Caribbean governments accept US policy to deport undocumented Caribbean immigrants
Leaders of the Caribbean Community (CARICOM) have largely accepted the US decision to deport nationals from the region who are residing illegally in the United States. However, they are also working to formulate a collective response to the Donald Trump administration’s global reduction in foreign aid.
While acknowledging the enforcement of US immigration policies, CARICOM members are expressing concerns over the broader implications of reduced aid. The leaders are now focused on developing diplomatic strategies to address the cutbacks in US assistance, which have had significant impacts on the Caribbean and other regions.
“Saint Lucia’s position is, we have citizens in the US who are there illegally? Saint Lucia will cooperate with the US as far as that is concerned. But you need to be respected,” Prime Minister Phillip J Pierre told the Caribbean Media Corporation (CMC).
“You need to be treated as a state that obeys the laws and the regulations of every country. We will not encourage anyone to disobey the laws in the United States, nor should anyone be encouraged,” Pierre said.
His Antigua and Barbuda counterpart, Gaston Browne, said deporting nationals from the United States “is nothing new.

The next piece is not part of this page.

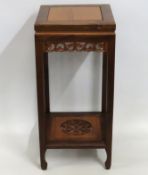 A Chinese rosewood pot stand, 805mm high x 377mm w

“I’m told, actually, under the Obama administration that more Caribbean nationals had been deported than what is actually on the list that we’ve seen recently under the Trump administration.
“I think we have an obligation to accept our citizens who are deported at the end of the day. We cannot make them stateless,” Browne said, adding that “at this point, based on the quantities that I’ve seen, I don’t think it is extraordinary.
“We just have to make sure that there’s collaboration at the regional level to ensure that those involved in criminal activities do not get the opportunity to travel freely within the CARICOM space and to create problems for us”.
St Kitts-Nevis Foreign Affairs Minister, Dr Denzil Douglas, said the Caribbean, like the rest of the world, is “waiting to see the unfolding of the new administration in the United States.